In the past, when you purchased goods online you did not pay a sales tax unless the State that you lived in was the same location in which you purchased the good. With the new law, if passed, the State in which you are to receive the goods or services will collect a sales tax as long as they are part of the simplified sales tax group (currently 24 States).( http://taxes.about.com/od/statetaxes/a/Streamlined-Sales-and-Use-Tax-Agreement.htm)

In addition to the collection of sales tax from online retail stores the bill would exempt small businesses that earn less than $1 million annually from out-of-state sales, and requires states to provide retailers with software to calculate sales taxes based on a buyer’s zip code. States would be allowed to collect taxes on out-of state purchases in six months, to give retailers time to prepare.

Early estimation on the collection of potential purchases online project $23 billion in annual taxes from online sales that presently go uncollected (http://www.huffingtonpost.com/edward-zelinsky/adopt-the-marketplace-fai_b_3238842.html)

Since 1992, States have not be able to collect the sales tax from items purchased online due to a court ruling (http://caselaw.lp.findlaw.com/scripts/getcase.pl?court=US&vol=504&invol=298) Quill Corp. Vs Heitkamp.

“Quill was a Delaware corporation with offices and warehouses in Illinois, California, and Georgia. None of its employees worked or resided in North Dakota, and its ownership of tangible property in that State was either insignificant or nonexistent. Quill sold office equipment and supplies; but solicited businesses through catalogs and flyers, advertisements in national periodicals, and telephone calls. Its annual national sales exceed $200 million, of which almost $1 million was made to about 3,000 customers in North Dakota. It is the sixth largest vendor of office supplies in the State. It delivered all of its merchandise to its North Dakota customers by mail or common carrier from out-of-state locations.” (http://caselaw.lp.findlaw.com/scripts/getcase.pl?court=US&vol=504&invol=298)

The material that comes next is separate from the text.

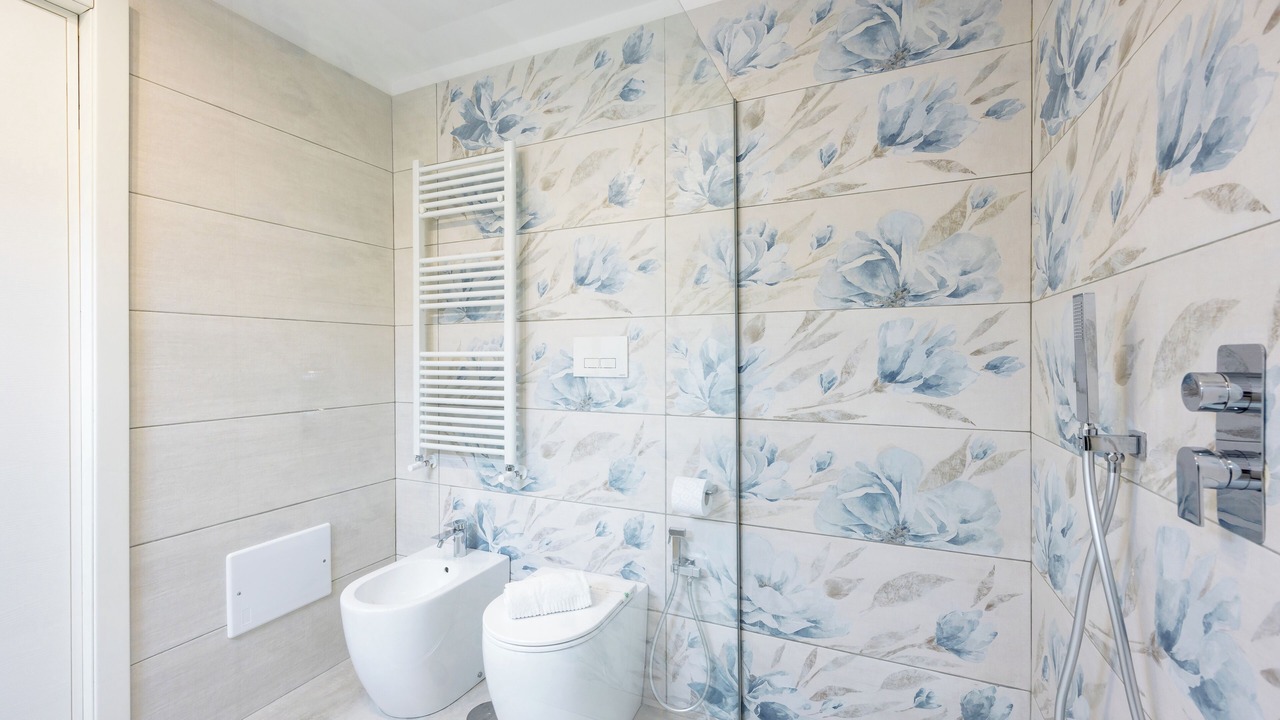 Photo of Bathroom in Vittorio Emanuele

“Quill argued that North Dakota did not have the power to compel him to collect a use tax from its North Dakota customers. Consequently, the State, through its Tax Commissioner, filed this action to require Quill to pay taxes (as well as interest and penalties) on all such sales made after July 1, 1987. The trial court ruled in Quill’s favor, finding that the State had not shown that it had spent tax revenues for the benefit of the mail-order business.

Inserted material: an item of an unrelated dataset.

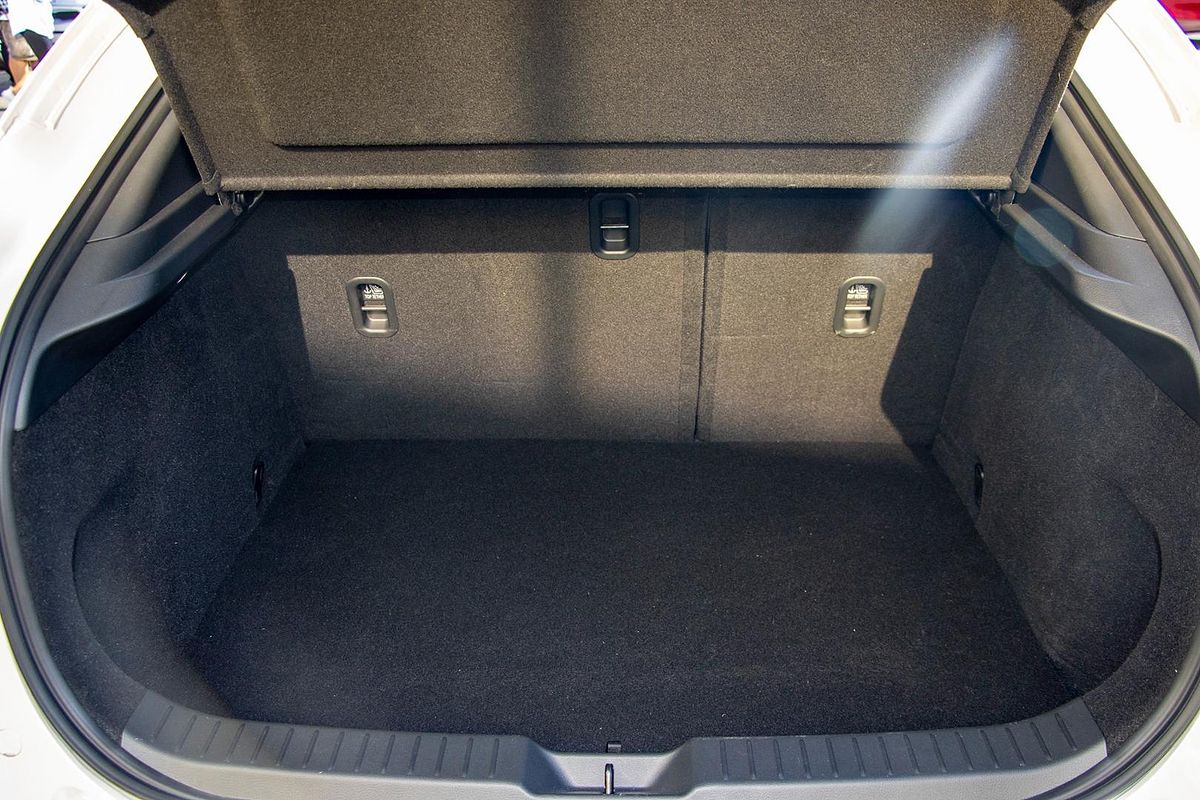2024 Mazda CX-30 G20 Touring DM Series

(http://caselaw.lp.findlaw.com/scripts/getcase.pl?court=US&vol=504&invol=298)

So far the bill has made its way through the Senate (69-27) and should be argued on the floor of the House within the next few weeks. That being said, if it does pass the House and is signed into law by the President, how will it affect your business?

1.)    If your company earns less than $1 million dollars a year you will have an exemption and will not have to charge a sales tax on your goods or services. (online)

2.)    If your State does not pay a sales tax (Oregon, Delaware, Montana, New Hampshire, Alaska) than you will not be required to pay the sales tax as long as the good that you are purchasing is not from another State that does have the sales tax.